Life was difficult and precarious for both sexes in nomadic Indian
tribes, and other commentators felt that the women did not question
their role which was essential for survival. However, it did not accord
with European notions of femininity for women for women to be strong.
The Hudson's Bay Company men found the unladylike strength of Chipewayan
women particularly astonishing. On one occasion David Thompson sent one
of his strongest men to help a Chipewyan woman who was hauling a heavy
sled; to the man's surprise, it took all his strength to budge the load.
The Chipewayan themselves took the superior strength of women for
granted. As a famous chief Matonabbee declared, "Women... were made
for labour; one of them can carry, or haul, as much as two men can do." Samuel Hearne perceived that the Chipewayan evaluated
women by different criteria than did the European. Physical prowess and
economic skill took precedence over delicate features:
Ask a Northern Indian, what is beauty? he will answer, a broad
flat face, small eyes, high cheek-bones.. a low forehead, a large
broad chin, a clumsy hook-nose, a tawny hide, and breasts hanging down
to the belt. Those beauties were greatly heightened, or at least
rendered more valuable, when the possessor is capable of dressing all
kinds of skins, converting them into the different parts of their
clothing, and all to carry eight or ten stone in Summer, or haul a
much greater weight in Winter.
The positions adopted by Indian women in labour, either squatting
or kneeling over a low object, seemed to lessen the length and pain of
parturition. Concerned at the lack of help and attention which "the
sex" received in childbirth, Samuel Hearne endeavoured to explain
to Indian women the benefits of the use of midwives as in Britain.. He
was met with the contemptuous response that such interference was
probably the cause of the humpbacks, bandy legs and other deformities
which the Indians observed among their English visitors.

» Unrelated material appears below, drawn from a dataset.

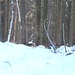 Wir sehen Rehe!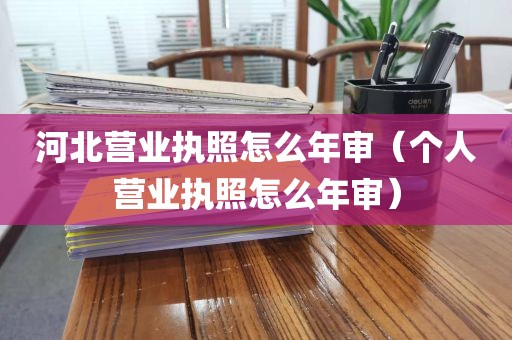 河北营业执照怎么年审（个人营业执照怎么年审）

James Isham, on
the other hand, found Indian attitudes commendable. After observing how
soon Cree women resumed their heavy work, he was prompted to suggest
that Englishwomen were too often unnecessarily pampered. "I think
it's only pride and ambition, that takes in Keeping their bed a full
month, and putting a poor C'n to Charge and Experience for aught."
Isham also noticed that Indian women were not very prolific.
Children were generally spaced two or three years apart. In attempting
to account for this lack of fertility compared with European women,
prevented conception. Indian mothers suckled their children for several
years, never having recourse to wet nurses that was then common practice
amongst the wealthier classes in Europe. The traders considered that
such a long nursing period had a detrimental effect upon the women
because it resulted in premature aging, but the Indians had their own
reasons for supporting this practice. If children were weaned before the
age of three, the Indian women at Severn House informed William
Falconer, they would develop large bellies from having to drink too much
water and this would make them poor travelers unable to withstand fatigue.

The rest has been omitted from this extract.